One Apple A Day #97
I love John Connolly writing style. I love the way he dig into the souls of his characters, how he describes the evil inside every men. I love in particular how he pick the right details to put the reader inside the scene. So, as an exercise to improve my writings, I copied an extract from one of his books, “The White Road”.
Beneath the black oak, an old Lincoln has been driven into place. The red truck pulls up beside it and three hooded men climb from the bed, pushing the black man onto the ground before them. He lands on his stomach, his face in the dirt. Strong hands yank him to his feet and he stares into the dark holes of the pillowcases, crudely burnt into the fabric with matches and cigarettes. He can smell cheap liquor.
Cheap liquor and gasoline.
His name is Errol Rich, although no stone or cross with that name upon it will ever mark his final resting place.
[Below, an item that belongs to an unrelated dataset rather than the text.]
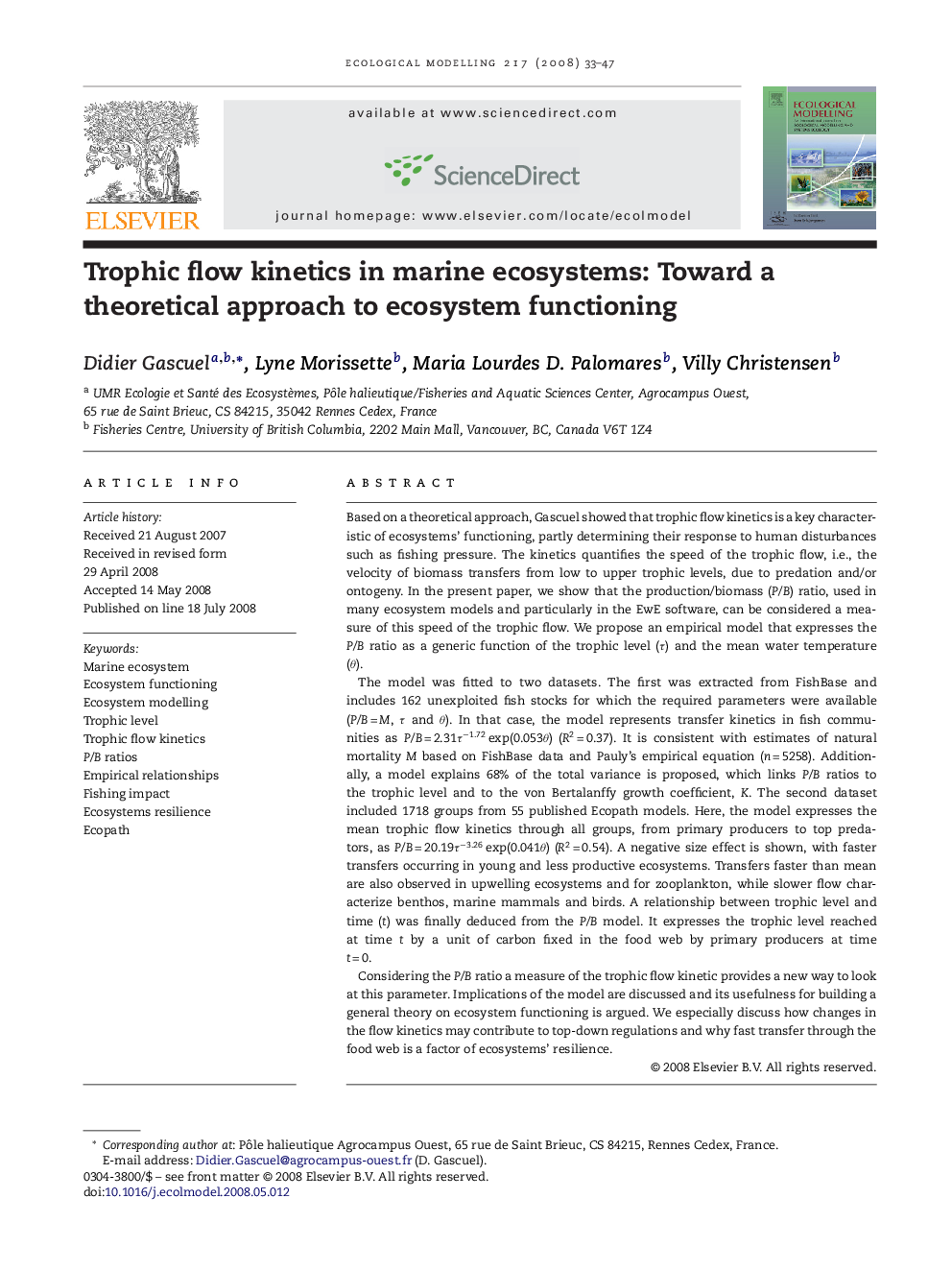 Trophic flow kinetics in marine ecosystems: Toward a theoretical approach to ecosystem functioning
From the moment he was taken from his momma’s house, his sister and his momma screaming, Errol had ceased to exist. Now all traces of his physical presence are about to be erased from this earth, leaving only the memory of his life with those who have loved him, and the memory of his dying with those gathered here this night.
And why is he here? Error Rich is about to burn for refusing to buckle, for refusing to bend his knee, for disrespecting his betters.
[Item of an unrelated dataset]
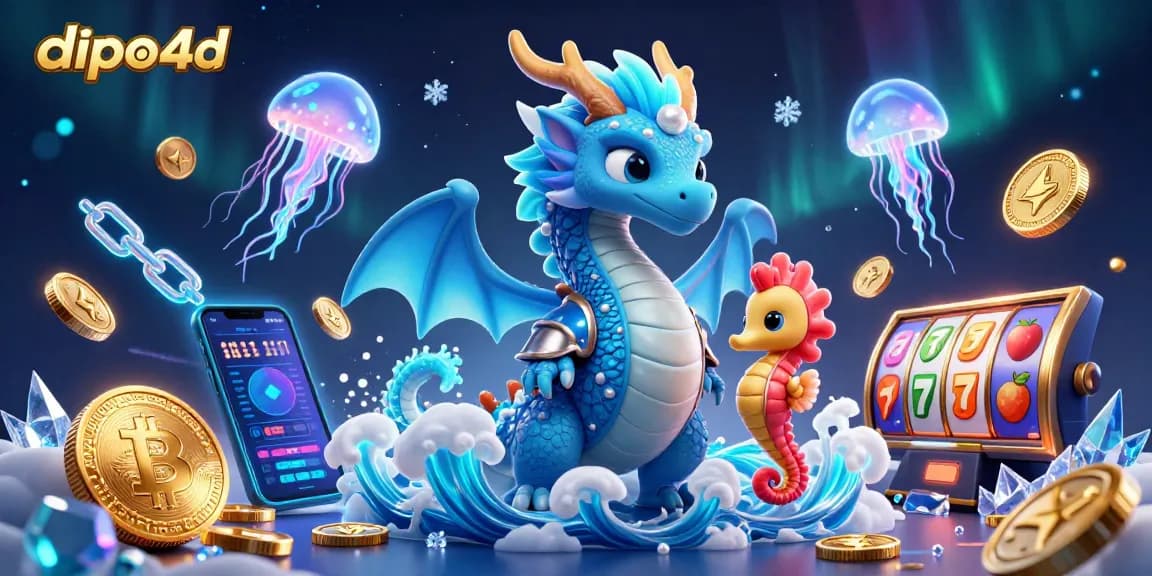 Engage with the thrilling world of dipo4d slots featuring a majestic dragon and neon jellyfish.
Errol Rich is about to die for breaking a window.
He was driving his truck, his old truck with its cracked windshield and its flaking paint, when he heard the shout.
‘Hey, nigger!’
Then the glass exploded in on top of him, cutting his face and hands, and somehing hit him hard between the eyes. He braked suddenly, and smelled it upon himself. In his lap, the cracked pitcher dumped the remains of its contents on his seat and on his pants.
Urine. They had filled a pitcher between them and thrown it through his windshield. He wiped the liquid from his face, his sleeve coming away wet and bloody, and looked at the three men standing by the roadside, a few steps away from the entrance to the bar.
'Who threw that?’ he asked. Nobody answered, but secretly, they were afraid. Errol Rich was a strong, powerful man. They had expected him to wipe his face and drive on, not to stop and confront them.
'You throw that, little Tom?’ Errol stood before Little Tom Rudge, the owner of the bar, but Little Tom wouldn’t meet his eyes. “Cause if you did, you better tell me now, else I’m gonna burn your shit heap down to the ground.’
But still there was no reply, so Errol Rich, who always did have a temper on him, signed his death warrant by taking a length of timber from the bed of his truck and turning to the men. They backed off, waiting for him to come at them, he threw the timber, all three feet of it, through the front window of Little Tom Rudge’s bar, then climbed back in his truck and drove away.
Now Errol Rich is about to die for a pane of cheap glass, and a whole town has come to watch it happen. He looks out on them, these God-fearing people, these sons and daughters of the land, and he feels the heat of their hatred upon him, a foretaste of the burning that is to come.